◆ **What is expected**: Keep the pictures out. Copy every line of the listing exactly.

◆ **Data excerpt**:
■ ■ ■ ■

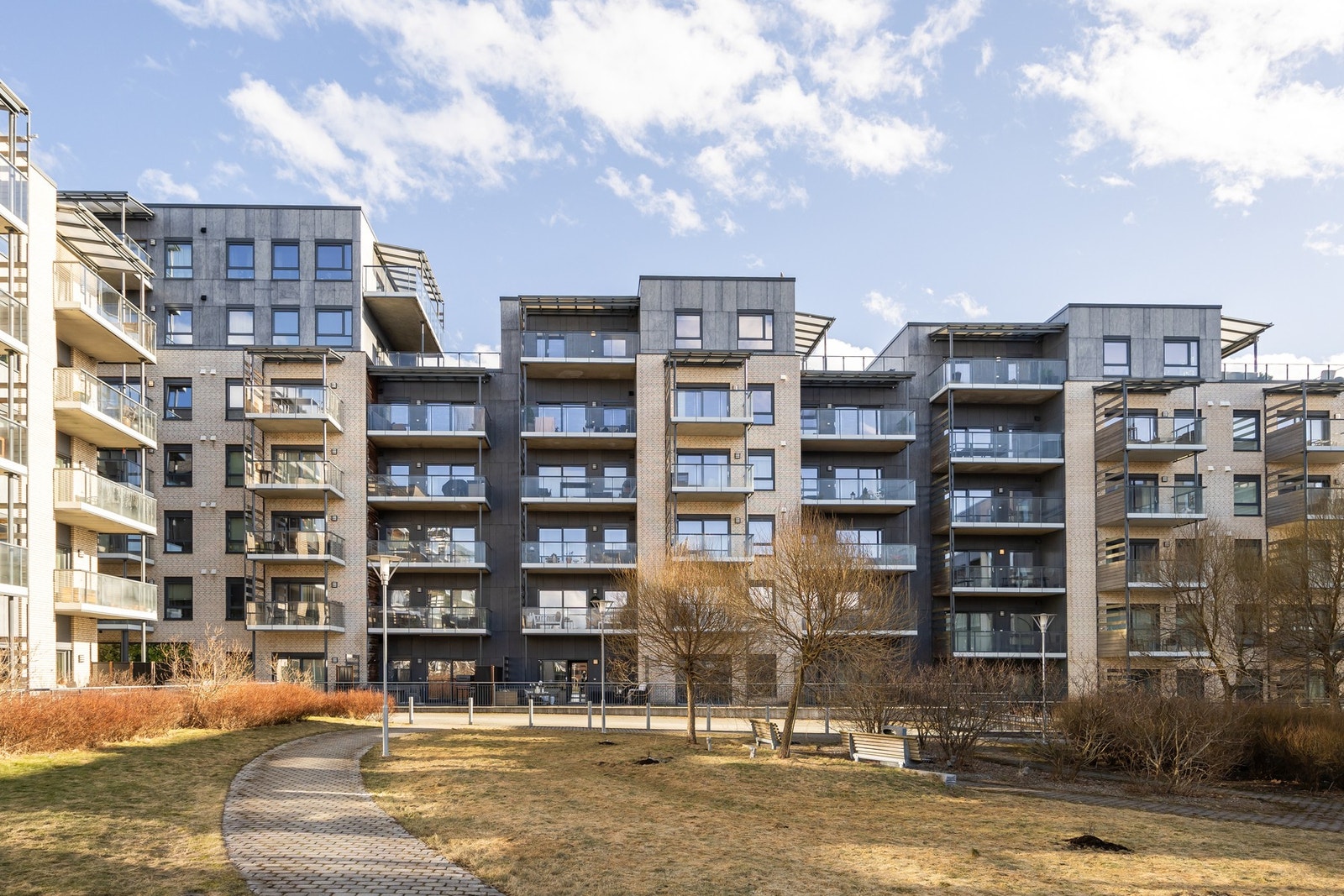 Boligen både innvendig og utvendig holder en moderne og tidsriktig standard fra byggeår 2017. Galleribilde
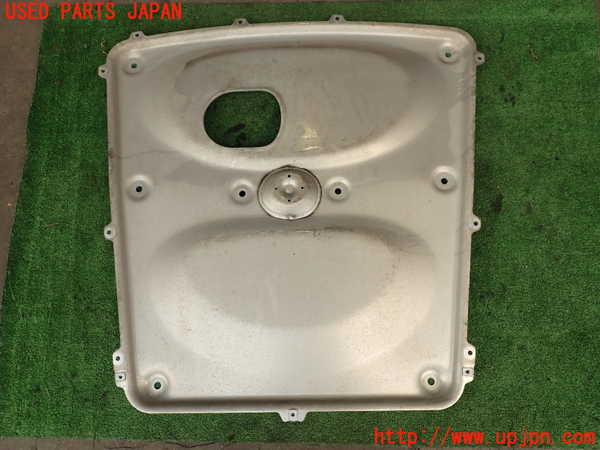 2UPJ-27132170]BMW M4 クーペ(3C30)エンジンアンダーカバー 中古 【F82】_m0001.jpg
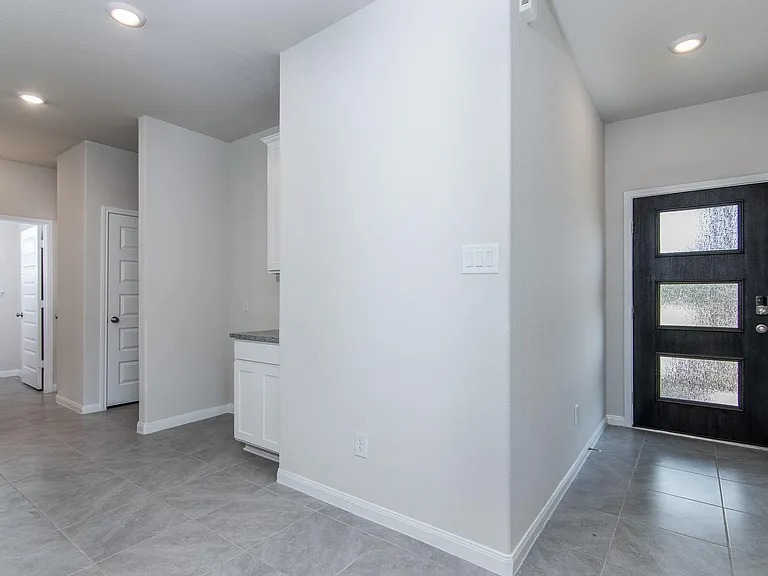 18565 Meadow Point Ln — Photo 3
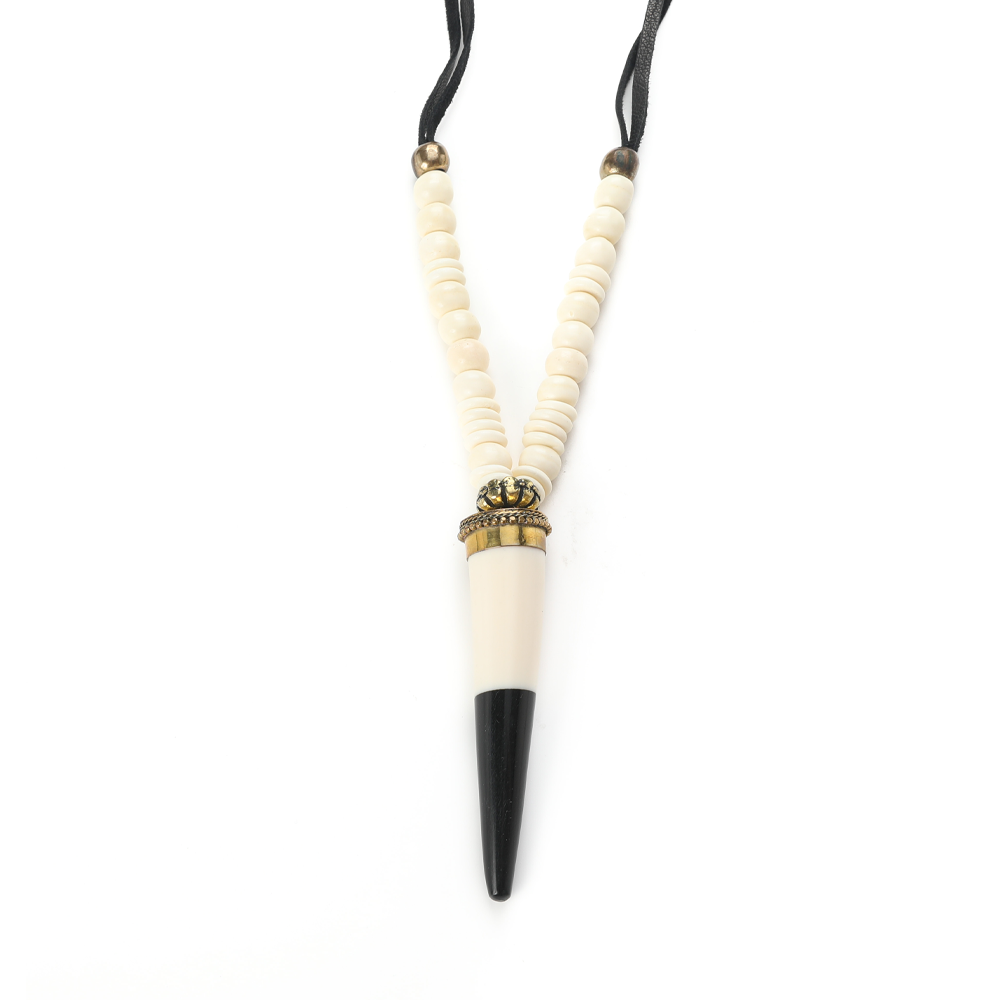 LONG HORN PENDANT BEADS NECKLACE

■ ■ ■ ■

◆ **Task output**:
 Boligen både innvendig og utvendig holder en moderne og tidsriktig standard fra byggeår 2017. Galleribilde
 2UPJ-27132170]BMW M4 クーペ(3C30)エンジンアンダーカバー 中古 【F82】_m0001.jpg
 18565 Meadow Point Ln — Photo 3
 LONG HORN PENDANT BEADS NECKLACE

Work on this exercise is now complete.